Welcher Rohstoff für die Pyrolyse?

Für die Pyrolyse eignet sich eine Vielzahl von organischen Materialien. Der österreichische Hersteller Sonnenerde produziert beispielsweise Pflanzenkohle aus Zellulosefasern und Getreidespelzen. Für die CO2-Bilanz des Endproduktes ist es natürlich nicht sinnvoll, den Rohstoff über weite Strecken zu transportieren. Ebensowenig sinnvoll ist es, hochwertiges Holz zu verkohlen, das auch für die Möbelherstellung oder als Baumaterial Verwendung finden könnte. Langlebige Holzprodukte speichern ebenfalls CO2. Die IWB will Schnittmaterial aus der Landschaftspflege in der Region und Reste von Energieholz verwenden, das sich nicht für die Verfeuerung eignet.

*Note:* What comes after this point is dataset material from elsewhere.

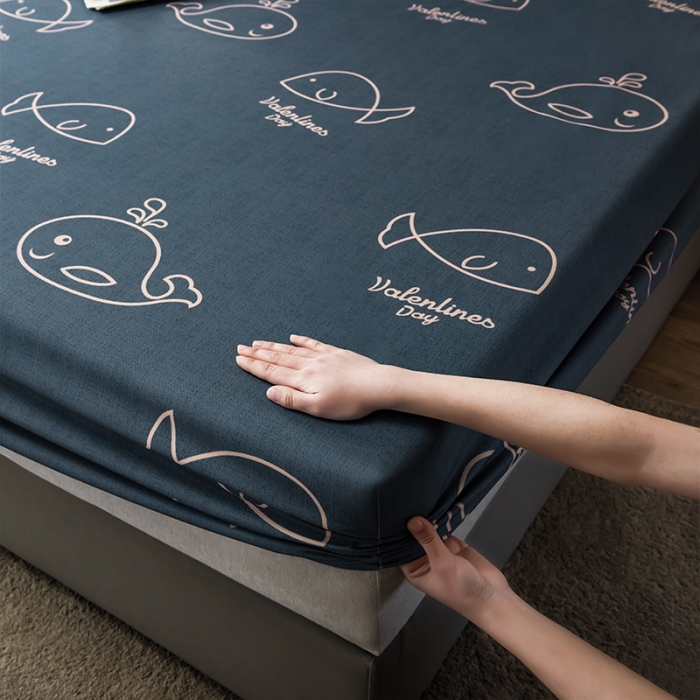 91家纺网 家纺一手货源 找家纺 雯豆 2022新款单层防水磨毛床笠 魔法鱼-防水款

Bewährungszeit für das Pyrolyse-Kraftwerk

Alle Energieversorger sind heute gezwungen, sich mit ihrer CO2-Bilanz zu befassen und neue Wege zu beschreiten. IWB ist zum Schluss gekommen, mit einer Pyrolyse-Anlage Ökonomie und Ökologie verbinden zu können. Wie sich dies in der Praxis bewährt, wird sich in den nächsten Jahren zeigen. Gelingt es, stets ausreichenden und günstigen Rohstoff aus der Nähe zu beziehen und die ganze Kohleproduktion zu verkaufen, dürfte die Anlage in Kleinhüningen ein Modell für weitere sein – für klimapositive Energie, die auch noch den Boden verbessert.

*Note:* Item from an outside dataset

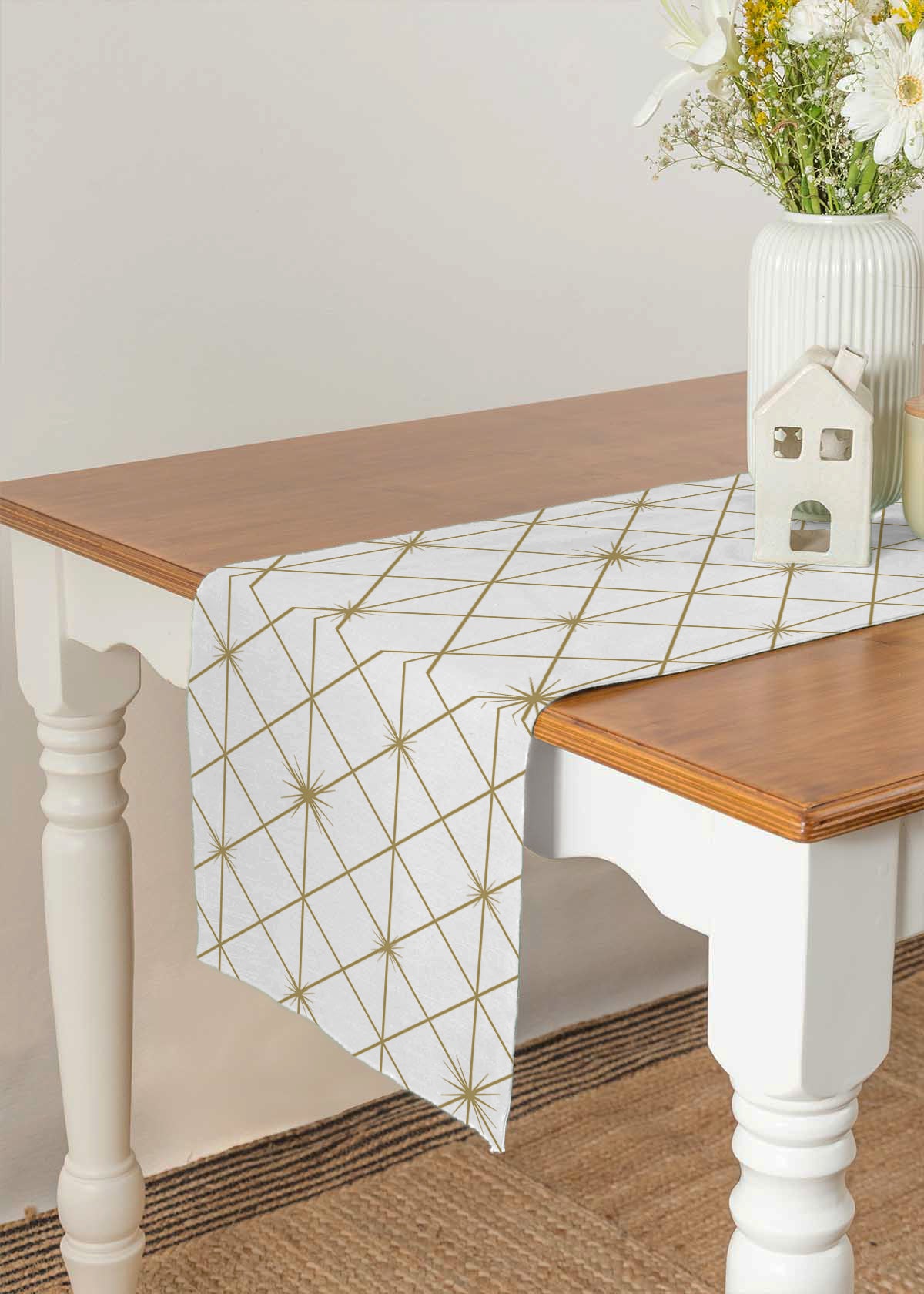 Stardust Printed Cotton Table Runner - Pale Gold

Weitere Informationen zum Projekt der IWB, laufend aktualisiert: www.iwb.ch/pflanzenkohle.

Fünf Fragen an Philipp Vögelin, IWB

Philipp Voegelin beim Vortrag
Philipp Vögelin ist Strategieentwickler und Projektleiter Pfanzenkohle bei IWB. (Screenshot YouTube: Klimaplattform-Vortrag)

Wir befragten Philipp Vögelin im Nachgang zu seinem Referat «Pflanzenkohle – die klimapositive Energielösung» für die Klimaplattform der Wirtschaft, Basel, vom 26.5.2020.

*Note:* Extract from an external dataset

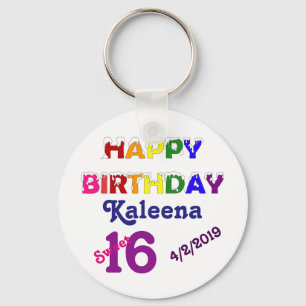 Porte-clés Joyeux Anniversaire Sweet 16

IWB investiert einen mittleren einstelligen Millionenbetrag in die neue Anlage und produziert damit genug Wärme, um 170 Haushalte durch den Winter zu bringen. Erweitern Sie das Fernwärmenetz oder wird ein bestehender Wärmeerzeuger abgeschaltet?
Philipp Vögelin: IWB erweitert in den kommenden Jahrzehnten das Fernwärmenetz im Rahmen des kantonalen Energierichtplans. Der Fernwärmebedarf wird dadurch steigen. Die Pflanzenkohleanlage ist im Winterhalbjahr mit einer Einspeiseleistung von netto 300 bis 500 kW eine kleine Ergänzung zu den bestehenden Holzkraftwerken und der Kehrichtverwertungsanlage. Im Sommerhalbjahr planen wir, mit der Abwärme feuchtes Material vorzutrocknen.

Wie werden die Kosten für die Fernwärme aus Pflanzenkohle berechnet? Wird die Energie der IWB dadurch teurer?
Die Pflanzenkohleanlage erhält den gleichen Wärmeerlös wie die anderen Produktionsanlagen von IWB. Deshalb verändert sich der Fernwärmetarif durch den Anschluss der Pflanzenkohleanlage nicht.

Wie ist der Bedarf an Pflanzenkohle langfristig? Die Kohle baut sich ja sehr langsam ab, die Menschen wollen aber jeden Winter eine warme Wohnung. Könnte es irgendwann einen Sättigungseffekt geben, wenn so viel Pflanzenkohle produziert wird?
Die Nachfrage nach Pflanzenkohle ist in der Schweiz momentan um ein Mehrfaches höher als die Produktionsmenge. Ein Grossteil wird heute noch aus Deutschland und Österreich importiert. Die Bekanntheit von Pflanzenkohle steigt, daher erwarten wir in allen Anwendungsbereichen – Haushalt, Gärtnereien/Grünflächen, Landwirtschaft – ein Nachfragewachstum. Das theoretische Anwendungspotential ist in den genannten Bereichen auf jeden Fall sehr gross.

Wie wird der Vertrieb organisiert, damit der klimapositive Ansatz nicht gefährdet wird?
IWB versucht, die Pflanzenkohle mit möglichst geringen Transportdistanzen zu vertreiben. Der klimapositive Effekt würde komplett verlorengehen, falls die Kohle verbrannt würde. Aber dafür eignet sie sich mit der feinkörnigen Struktur nicht, ausserdem verkaufen wir gezielt an Haushaltsanwender, Gärtnereien, Landwirtschaft und spezialisierte Händler. Somit gelangt die Pflanzenkohle sicher in den Boden.

Gibt es schon Interesse von potenziellen Grossabnehmern für die Pflanzenkohle?
Ja, es gibt Interesse von Düngemittelhändlern und Grossgärtnereien.